The essential legal requirements of IRR99
Notification – The HSE must be notified of the routine use of dental X-ray equipment and of any material changes to a notification including a change in ownership of the practice of a move to new premises.
Prior risk assessment – This must be undertaken before work commences and be subject to regular review. All employers are recommended to record the findings of their risk assessment, but it is a requirement for employers with five or more employees. A five-step approach is recommended by the HSE: 1. Identify the hazards (i.e. routine and accidental exposure to X-rays). 2. Decide who might be harmed and how they might be affected. 3. Evaluate the risks and decide whether existing precautions are adequate or whether more precautions need to be taken. Implement additional precautions, if needed. 4. Record the findings of the risk assessment. 5. Review the risk assessment and revise it, if necessary.
Radiation Protection Adviser (RPA) – A suitably trained RPA must be appointed in writing and consulted with to give advice on IRR99. The RPA should be an expert in radiation protection and will be able to advise on compliance with the Regulations and all aspects of radiation protection.
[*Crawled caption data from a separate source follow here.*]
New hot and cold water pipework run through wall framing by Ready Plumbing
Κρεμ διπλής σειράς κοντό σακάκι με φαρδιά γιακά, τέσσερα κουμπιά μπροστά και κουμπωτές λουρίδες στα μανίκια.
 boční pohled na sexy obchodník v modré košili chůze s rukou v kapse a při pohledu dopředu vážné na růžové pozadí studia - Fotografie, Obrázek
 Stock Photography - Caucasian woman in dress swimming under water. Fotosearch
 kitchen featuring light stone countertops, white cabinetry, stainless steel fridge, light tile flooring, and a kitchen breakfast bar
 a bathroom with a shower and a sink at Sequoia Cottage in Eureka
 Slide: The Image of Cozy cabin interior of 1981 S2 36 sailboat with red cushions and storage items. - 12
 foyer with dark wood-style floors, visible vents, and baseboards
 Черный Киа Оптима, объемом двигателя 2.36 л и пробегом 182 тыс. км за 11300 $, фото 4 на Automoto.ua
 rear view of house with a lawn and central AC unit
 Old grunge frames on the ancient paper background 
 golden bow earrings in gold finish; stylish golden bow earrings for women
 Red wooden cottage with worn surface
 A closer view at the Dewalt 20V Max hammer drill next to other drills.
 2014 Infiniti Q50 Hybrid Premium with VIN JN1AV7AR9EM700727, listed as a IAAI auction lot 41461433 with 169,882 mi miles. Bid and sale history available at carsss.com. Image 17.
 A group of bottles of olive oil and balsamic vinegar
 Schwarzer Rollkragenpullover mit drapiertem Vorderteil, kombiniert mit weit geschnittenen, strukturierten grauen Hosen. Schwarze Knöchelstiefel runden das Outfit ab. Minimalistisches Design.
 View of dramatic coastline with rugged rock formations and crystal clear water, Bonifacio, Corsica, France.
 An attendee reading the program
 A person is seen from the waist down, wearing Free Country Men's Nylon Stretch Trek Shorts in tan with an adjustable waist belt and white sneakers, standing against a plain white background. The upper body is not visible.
Radiation Protection Supervisor (RPS) – An RPS – usually a dentist or senior member of staff in the practice – should be appointed to ensure compliance with IRR99 and with the Local Rules.
Local Rules – All practices should have a written set of Local Rules relating to radiation protection measures within that practice and applying to all employees and to each machine.
Critical examination of each x-ray set should be carried out by the RPA every 3 years.
Essential legal requirements of IR(ME)R 2000
Justification of each exposure must be recorded in the clinical notes and must be deemed to produce a net benefit to the patient.
Optimisation – All doses must be kept as low as reasonably practicable (ALARP) consistent with the intended purpose.
Clinical audit should be carried out regularly to assure quality.
Continuing professional development of at least 5 hours in every 5 year cycle should be carried out by all staff involved in medical exposures.